Ask HN: How will I know when I'm ready for contract work? - rnprince
Hi HN,<p>I&#x27;d like to switch to doing my work as an independent contractor. The web technologies I&#x27;d like to work with are somewhat new to me, but I&#x27;m getting good at them.<p>The question I have is, how do I know when I&#x27;m ready to start offering my services? I want to make sure I can deliver the right amount of value, but I&#x27;m not sure how to know when I&#x27;ve reached that point.<p>Thanks!
======
brudgers
After I got my bachelors and moved in with my girlfriend I figured I would
make a living freelancing. I had a _few_ contacts from having done
moonlighting and part time contracting work while in school. First thing I do
is I call this guy I know out Arizona. We'd work together when he was doing
some contract work before his current stable gig. Two days later he called me
back with a great project that was kicking off "next week". That was May of
1995, it still hasn't kicked off so far as I know.

I took a regular job three weeks later. We'd talked, it was still "a week or
two out." Eventually over the years, my Rolodex expanded to where I could take
another stab at it when an economic down cycle made my job evaporate and I was
kind of more or less able make it work.

You're ready to start when you have a signed contract and the retainer check
has cleared. Software contracting is no different from any other type of
contracting. 80% of it is sales.
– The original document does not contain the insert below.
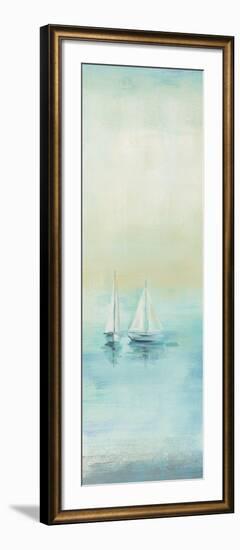 Early Morning Sea II-null-Framed Art Print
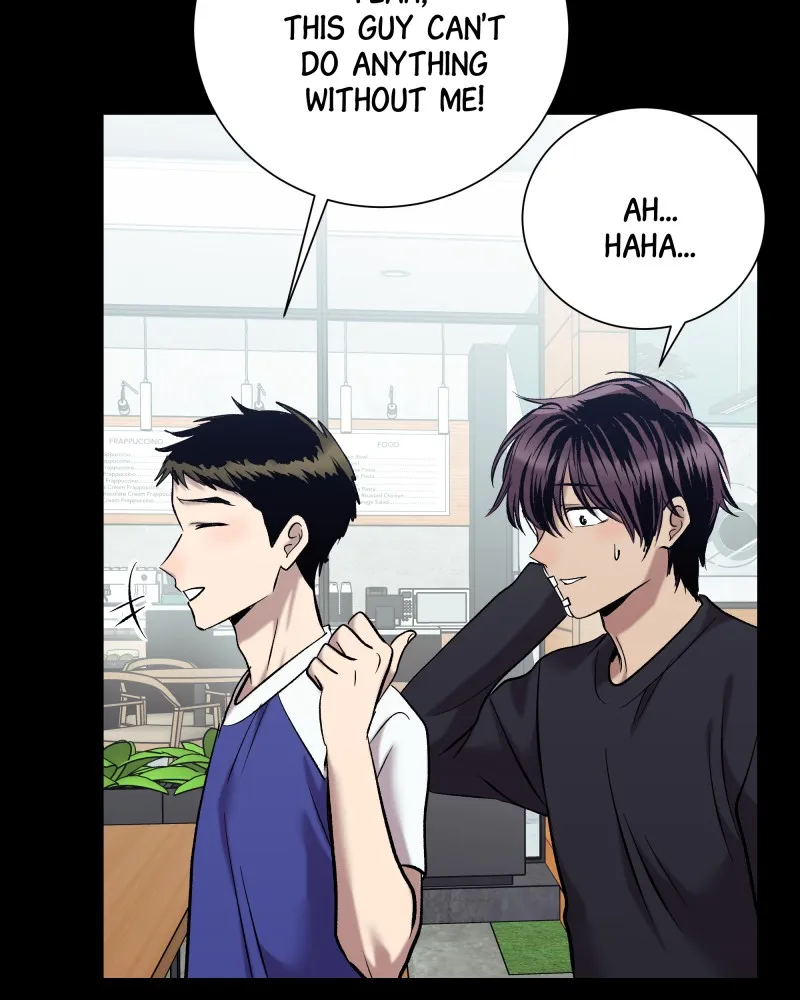 The Guy Upstairs Chapter 50 page 184 -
The other 80% is doing the work. Nobody who
hasn't already asked you to do a project for them is likely to care on the day
you open the doors and hang out a shingle. The three most important things
are:

    
    
      1. Get the job.
    
      2. Get the job.
    
      3. Get the job.
    

Good luck.

------
taprun
The biggest secret to contracting is that your technical skills aren't nearly
as important as your ability to sell. I'd rather be a great salesman and a
mediocre developer than the other way around.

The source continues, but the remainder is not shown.